What’s more, Mr. Parker argued that if high-stakes-tests are meant to indicate which students need support so teachers can help them, they are miserably failing this most basic task. Instead, administrators and teachers makes lists of “bubble students” who are close to the passing mark and focus their energy on moving these students up to “proficient.” The students with the most needs, struggling at the very bottom, are passed over: “they are neglected, perpetuating what has probably been the whole of their educational experience. ‘You’re a failure; you’re not worth our time.’ Then we wonder why we have such disparity in opportunities, a lack of student or family buy-in, negative attention seeking behaviors (for which we then suspend students).”
So if our students who need the most help never get that help, where is the equity? If a young woman of color with 4.0 GPA wants to take advanced math and science classes but and can’t because of a single test score, where is the justice? If children now label themselves with their own test scores and literally believe themselves to be “below basic,” where is our compassion?
Part of accepting one another is recognizing that we each have unique gifts and strengths. We are not all the same. Some students excel in trombone or slam poetry, or are highly empathetic or fantastic story tellers: none of which gets measured by high stakes testing. I am concerned about the intellectual growth of our students as well as the nurturing of their individual spirits. I believe in real learning and more learning time for our children. I support quality assessments that help our children learn and provide meaningful information to teachers to help them meet the needs of individual students. I want tests, ideally designed by teachers, which align with the curriculum and give timely, informative results to parents and students.
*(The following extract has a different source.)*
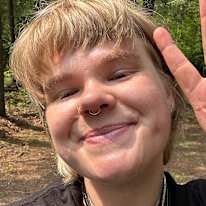 Photo of Sylvia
As a scholar, I am committed to a free and responsible search for truth and I highly value data and evidence in that quest. We now have a mountain of evidence about the negative consequences of the high-stakes attached to testing, as well as the over-use and misuse of testing. To summarize, these are some of the high-stakes for students:
With all of that evidence that high-stakes testing is hurting students, changing their schools for the worse, and reducing real learning, why are we still giving so many standardized tests? Steve Singer, a teacher in the Steel Valley School District, points out that some tests can serve a political purpose. For instance, the DIBELS test, used to evaluate reading, is owned by Rupert Murdoch, and “cut scores are being artificially raised to make it look like more students are failing and thus our schools aren’t doing a good job.” Yet Mr. Singer explains that the DIBELS “doesn’t assess comprehension,” and “rewards someone who reads quickly but not someone who understands what she’s reading.” Also, he explains that, “focusing on pronunciation separate from comprehension narrows the curriculum and takes away time from proven strategies that actually would help [a student] become a better reader.”
My son’s experience with the DIBELS illustrates the way in which standardized tests can be used as gatekeepers, excluding even very high-achieving students from accessing appropriate programs. My son was a “late” reader (which is not really true: he learned to read when he was developmentally ready in the third grade, and became a voracious, wonderful reader). But when he was in second grade, we were told his DIBELS score was too low to allow him to take an accelerated math class. He had taught himself multiplication at the age of four and was bored out of his mind in class. But the teacher had her orders: students needed to be reading 100 words per minute or could not advance to anything else. During our conversation with her about this, she called our son over and said, “I notice that you spend a lot of time looking out the window, like you were just now. Why are you daydreaming?” To which he answered, “Well, I was thinking about how if you have a ball in your hand, and drop it, and it hits the floor but doesn’t come all the way back up, where did that energy go?” I kid you not. He was seven years old and this was his response. The teacher looked right at us and said, “But see? He’s not reading 100 words per minute.”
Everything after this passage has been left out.